The set-up is eerily similar to POV-style chillers of the past so there’s not a lot new there, and as characters, Stuertz and Hartley seem to do little more than just play slightly irritating versions of their own fast-talking selves so it’s no surprise that the opening is a bit of a slog. Firing through almost every cliche in the found-footage bible within the first twenty minutes obviously does the duo absolutely no favours, meaning that when things do take a turn for the more interesting, you wouldn’t be blamed for completely missing out on what’s going on altogether. The lack of engagement is baffling.

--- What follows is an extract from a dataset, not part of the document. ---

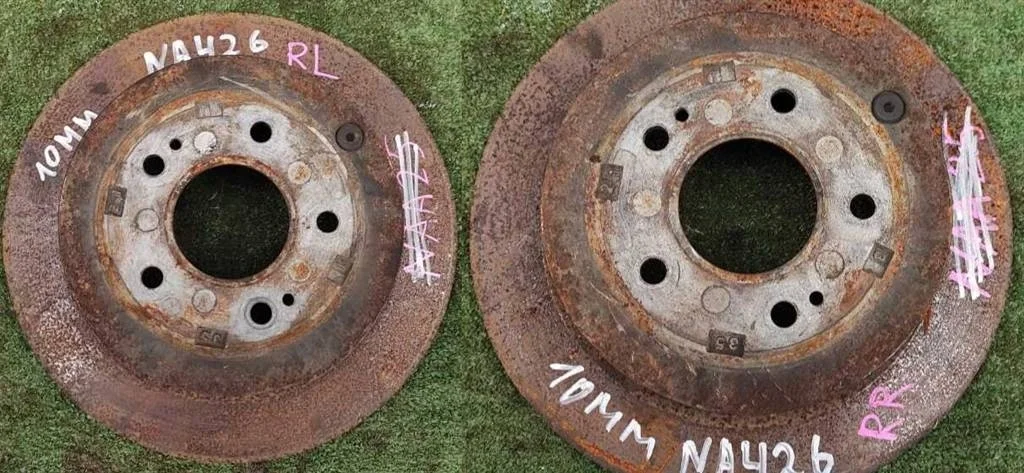 Б.у. диск тормозной (пара) MITSUBISHI GRANDIS NA4W MITSUBISHI GRANDIS NA4W 2.4 2003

Yet within half an hour we seem to arrive at a real game-changer of a twist, which to be fair to the pair, really works as a central concept. Spoiling it here seems unwise considering the ambiguity of the film’s marketing, but as Blair Witch-y as it may occasionally feel, it certainly pushes the film’s otherwise invisible narrative in a pretty neat direction. It’s a total shame then, that RWD doesn’t actually go anywhere from here, pacing back and forth and reducing itself to cheap, lazy humour instead of actually embracing the insanity of what the leads uncover.
It’s a twist that could’ve very easily put it in the same ball-park as the smarter side of Blumhouse or even, in some ways, Shane Carruth’s famous head-scratcher Primer, but Stuertz and Hartley seem instead, totally committed to the idea of making a seriously dumb and by-the-books found-footage movie. Within five minutes of it’s big reveal, RWD slides back into what is essentially a feature-length YouTube video.
The two poke around scary-looking buildings and a big wooded area with consumer-grade cameras, edit in a few sound-effects and the occasional confusing burst of non-diegetic music, and force a bunch of grainy static in at every opportunity possible. There’s really nothing to it. How this ever even found the festival and home media releases that it did is seriously alarming.
I guess in the long run it’s a one-up for indie filmmakers everywhere, particularly those interested in horror; with just a few half-decent cameras and a bunch of free sound-effects from the internet, you too can create a sub-par found-footage movie. Throw in a semi-interesting twist (even if you go nowhere with it) and some confused distributors might even get involved, then voila: you’re officially a ‘filmmaker’, living the dream.
On the whole RWD is just a pretty pointless waste of 80 minutes of your time. You might jump at the occasional sound effect and it certainly earns an extra point or so for a genuinely decent plot turn, but otherwise it’s the perfect embodiment of everything wrong with found-footage horror. Even as a Halloween late-nighter, this one’s a push.